Как видим, так называемый расцвет оперетты в России очень непродолжителен и заканчивается 1885 годом, годом фактического распада театра Лентовского. На первом этапе оперетта в России пыталась вместе с жанром привнести и черты французской «blague», которые, как элементы сатирической русификации западных либретто, обнаруживаются в некоторых опереточных постановках Александринского театра, в частности в «Орфее в аду» и в «Фаусте наизнанку».

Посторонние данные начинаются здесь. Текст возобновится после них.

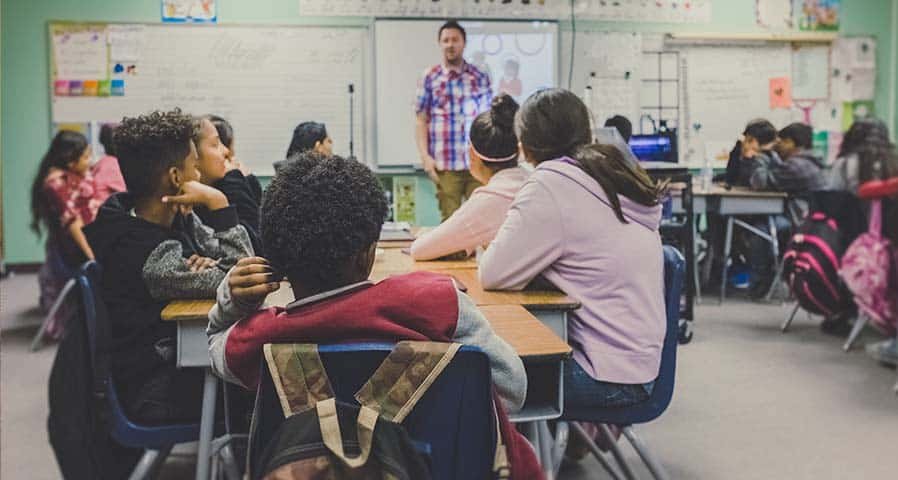 Lighting Controls for Classrooms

Но специфичность «иронии бульваров», оказавшейся не только узко «парижским», но и вообще временно ограниченным явлением, а также российские условия привели к тому, что элементы «оппозиционности», которые Европа усматривала во французской оперетте в период Второй империи, очень быстро растворились в русском опереточном театре. Он в дальнейшем никогда не мог подняться выше уровня копеечной злобы дня и трактирного куплета.

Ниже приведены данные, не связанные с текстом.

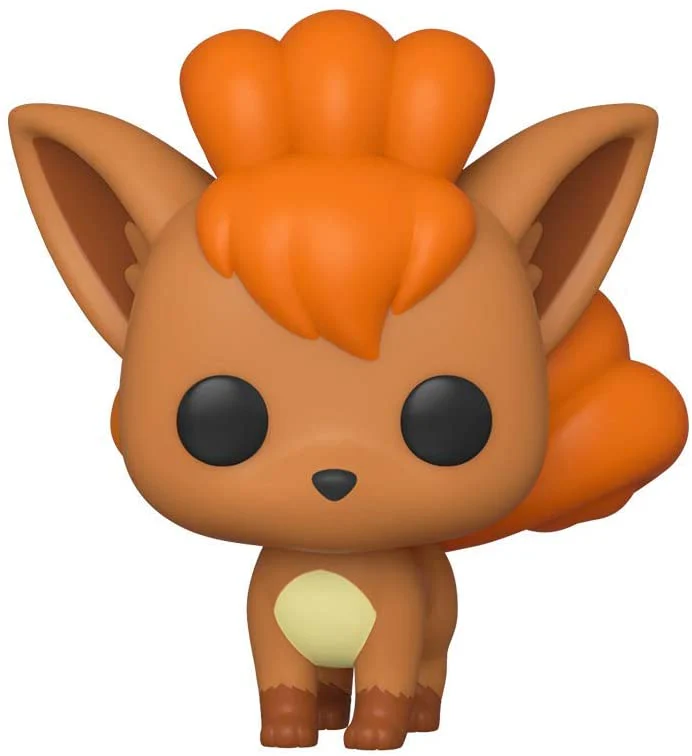 Funko Pop! Games: Pokemon - Vulpix #580 - Image 1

Коренное различие между стилевыми особенностями французского опереточного театра шестидесятых и семидесятых годов и русским театром того же периода определяется в процессе художественной практики русской оперетты первых десятилетий все с большей ясностью.

Мы видели в свое время, что французская оперетта является жанром, производным от комической оперы конца XVIII и начала XIX веков, с одной стороны, и искусства эстрады современного Эрве и Оффенбаху кафе-концерта, с другой. Оперетта на русской почве лишена этой базы. Она питается русифицированным французским водевилем и традициями русской бытовой комедийной драматургии. Отсюда своеобразие русской интерпретации импортного жанра.

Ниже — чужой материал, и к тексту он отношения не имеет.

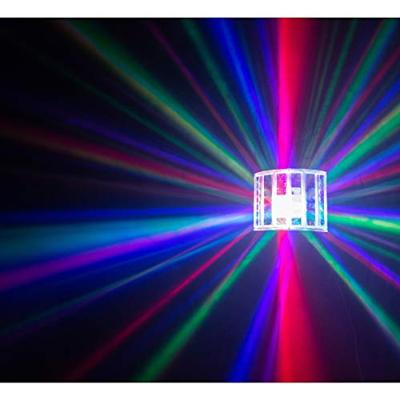 JB Systems USB Derby RGBW LED lichteffect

Вместо того, чтобы, отталкиваясь от опыта французского и австрийского опереточных театров, создавать самостоятельную школу русской оперетты, или беря шире, русской музыкальной комедии, императорская сцена, а вслед за ней театр Лентовского и его эпигонов идут на путь механической русификации. При этом не учитывается специфичность тематики и своеобразие музыкального языка используемых произведений. Русификация идет по линии привнесения элементов со стороны («отсебятина», вставной куплет), создающего предпосылки для разрушения единого стиля музыкальных и драматургических характеристик и предопределяет для буффонных персонажей черты масок, как бы случайно зашедших в независимо от них развивающийся сюжет.

Вместе с тем, особые условия возникновения и развития оперетты в России на рассматриваемом этапе привели к тому, что только с 1876 г., т. е. с возникновением театра Лентовского, начался краткий период ее расцвета. До этого момента, следовательно почти на протяжении двадцати лет, оперетта была обречена на положение стороннего жанра в системе российского драматического театра. До театра Лентовского, как жанр музыкального театра, она не могла быть раскрыта, и придание ей черт видоизмененного водевиля с пением предопределило своеобразие ее особенностей в России. Оперетта с первых дней стала жанром для приложения мастерства характерного актера, даже, как мы видим, школой для актерской молодежи. Развернутые синтетические рамки до театра Лентовского русской оперетте неизвестны. Техника водевиля, техника актерской импровизации, идущей от старых традиций того же водевиля, перенесение отсебятиной и «апартом» ситуаций и образов в российскую действительность — подготовили фундамент для так называемой русской сценической традиции, которая позднее столкнется с проникающей в Россию французской традицией, усваиваемой благодаря постоянному пребыванию в России парижских опереточных трупп, но подвергающейся приспособлению к уровню и стилю российского опереточного театра.

Соединение этих двух сценических стилей и будет характеризовать деятельность Лентовского и его эпигонов. Театр Лентовского возник в тот период, когда начался резкий кризис оперетты во Франции и, в частности, определилась там тенденция к решительной деидеологизации жанра. Для Лентовского французская школа — это школа, построенная на распаде оффенбаховского театра. Поэтому Лентовский берет из Франции только высокую зрелищно-феерическую технику, масштабность и нарядность спектакля, повышенное участие балета и массы и на этом фоне развертывает мастерство своих знаменитых актеров.